I think, the HTML header was added next with the line:
<meta http-equiv="Content-Type
" content="text/html; charset=
utf-8" />
This line declares the file as Unicode encoded with
UTF-8. But the encoding of original text was not converted from Windows-1252 to UTF-8 and so the text inside the XHTML file was in real still Windows-1252 encoded although declared as UTF-8 encoded. That was the main mistake on creation of the file.
Then the file declared as UTF-8 encoded, but being in real Windows-1252 encoded, was opened in UltraEdit which recognized UTF-8 encoding declaration and interpreted the file according to UTF-8. On next save this results in converting the byte with hexadecimal value
92 now really correct UTF-8 encoded with the two bytes with hexadecimal values
C2 92 and became the character
private use two. This character is not supported by most fonts resulting in getting it displayed with default glyph for non supported characters of the used font. This can be no glyph, or a rectangle or a thin line like
-. It depends on the font how the not supported character is displayed on screen. This is correct as
private use characters are code points whose interpretation is not specified by a character encoding standard.
The real procedure necessary to get text encoded in Windows-1252 correct into an XHTML file being UTF-8 encoded is as follows:
- The text file with Windows-1252 encoded text is opened as ASCII/ANSI file with code page 1252 in UltraEdit.
- Then the file is converted from ASCII/ANSI to UTF-8.
This step would modify character ´ encoded with a single byte (8-bit) with value 92 to Unicode with hexadecimal code point value 201A (two bytes respectively 16-bit) in memory of UltraEdit. This can be seen in UltraEdit on positioning the caret left to the character and executing command Character Properties before and once more after conversion to UTF-8.

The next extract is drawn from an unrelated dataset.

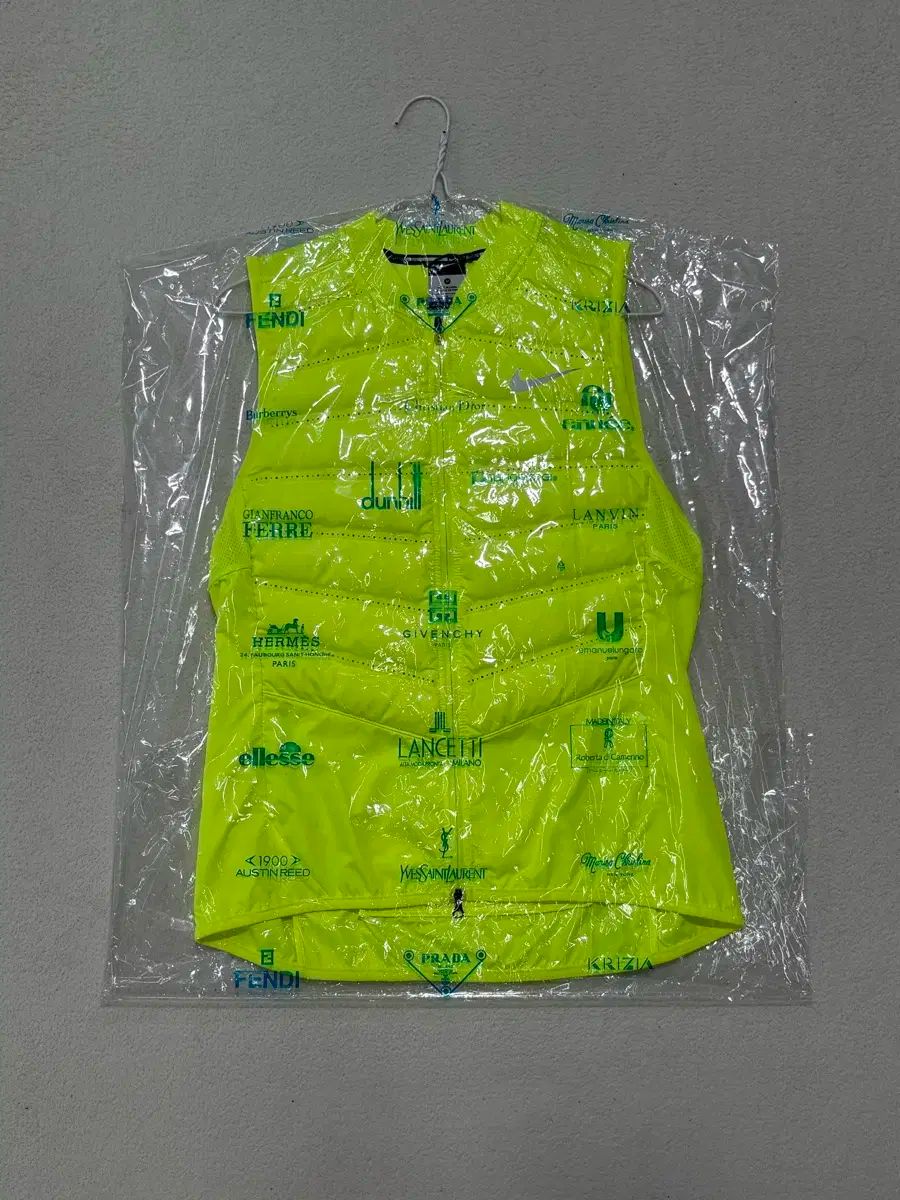 送料無料です。 Nike ナイキ エアロロフト 軽量ダウン 蛍光 ネオン 95 サイズ 全国送料無料でお届け☆ 。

- Next the HTML header and footer could be inserted into now really Unicode encoded file with the character set declaration as posted above.
- UltraEdit runs on saving the Unicode file the 8-bit Unicode transformation format procedure resulting in getting character ´ stored in the file with three bytes with hexadecimal values E2 80 99.
I really recommend to run this procedure on each file containing a character in Windows-1252 encoding with a value greater 127 decimal, i.e. with a hexadecimal value in range
80 to
FF. Run a
Find in Files with
Perl regular expression [\x080-\xFF] on original Windows-1252 encoded files using option
Open matching files. Convert each opened file to UTF-8 encoding, add the XHTML header and footer and other HTML tags on each file and save the files (without UTF-8 BOM) now with text being really UTF-8 encoded as declared in header.
See also the script
ConvertFilesToUtf8 which is most likely a big help on converting all the Windows-1252 encoded files to UTF-8.
It would be possible to run a
Perl regular expression Replace in Files with search string
\xC2\x92 and replace string
\xE2\x80\x99 to correct all occurrences of UTF-8 encoded
private use two by UTF-8 encoded right single quotation mark. But that quick fix of this character does not help on the other non ASCII characters in the wrong encoded XHTML files like the character being displayed as question mark after
mother´s. I am quite sure that in original Windows-1252 encoded text this character was not a question mark. A question mark is the result of a character which could not be correct converted from one text encoding to another text encoding.